I’m closing in on completing one of my new years resolutions this weekend. That resolution was to drastically cut down the number of books in our house.
We moved in to our current house about three years ago and I think we brought in more than forty moving boxes full of books. This was all the books that I collected over many years. Many were books that I knew I would never get around to reading and they were taking up a lot of space in the garage that we could use for other purposes.
When thinking about how to approach getting rid of excess books, I thought one way to do it was to have a “budget” for the amount of books we will keep in the house. Since we had a couple of big bookcases in the bonus room I thought that a good idea would be to have that be the amount of space in the house we could allocate to store physical books. Then, I would go through all the books and only keep an amount of books that could fit on the bookshelf. If the shelf was full and I found another book I wanted to keep I would have to make a decision: which book(s) on the shelves would I get rid of to make room for the new book I wanted to keep. In the future, every new book I wanted to buy would be subject to that same decision making process. I’m now closing in on the end of going through the boxes of books. There’s about three more boxes to go through and the shelf is now full.
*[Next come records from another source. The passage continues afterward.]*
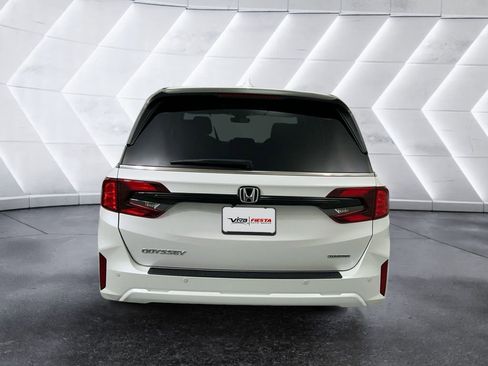 Used 2025 Honda Odyssey Touring image 5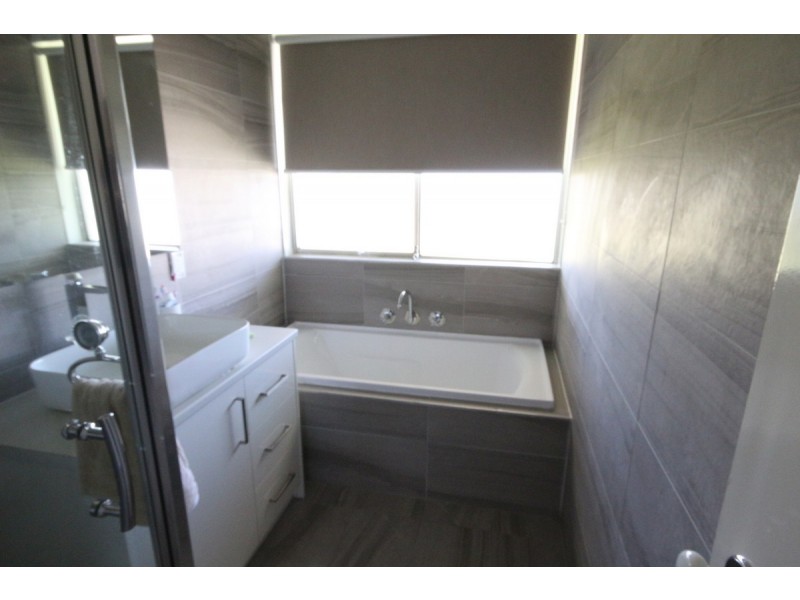 8 Waverley Court, Craigieburn VIC 3064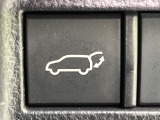 【ハンズフリーパワーバックドア】リアバンパー下部に足先を出し入れするだけでバックドアが自動で開閉♪両手が荷物でふさがっている時でもラクラク開閉操作が行えます!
This process has helped a lot in accomplishing my goal. In some ways, I feel a weight lifted off of me with much fewer books but another benefit is that I think I have a sustainable method of preventing “book buildup” in the future. Another benefit is the process is a method of keeping an awareness of the consequences of some of what would in the past be “impulse buys.”
Thinking about this example it seems to me that it could be useful in a number of areas of work and life. Music and movies are a natural extension. A less direct analog that could apply at work is automated tests. In my time as a tester I’ve run into many people who are loathe to retire tests*. They keep them around even though they don’t really know what they are testing anymore. What if we applied this approach to automated tests? Set a budget for the amount of time a test suite could run in and, if you add tests to the suite that cause the suite to exceed the budget, you have a decision to make about which tests to keep and which to retire. Aside from the benefit of keeping the runtime of test suites under control, it would also incur other benefits:
- Cause prioritization of tests to make sure the ones we run are the most valuable
- Cause re-evaluation of tests to consider their continued relevance
- Cause consideration of ways to make tests more efficient in the dimension of the budget (here, time)
There are likely others.
Based on my past experience, this idea would make a number of people uncomfortable. I think that it is something that should be considered and tried. It’s been a benefit to me in accomplishing my new years resolution.
* For those in the audience that bristle at the idea of calling automated tests “tests,” please substitute the word “checks.”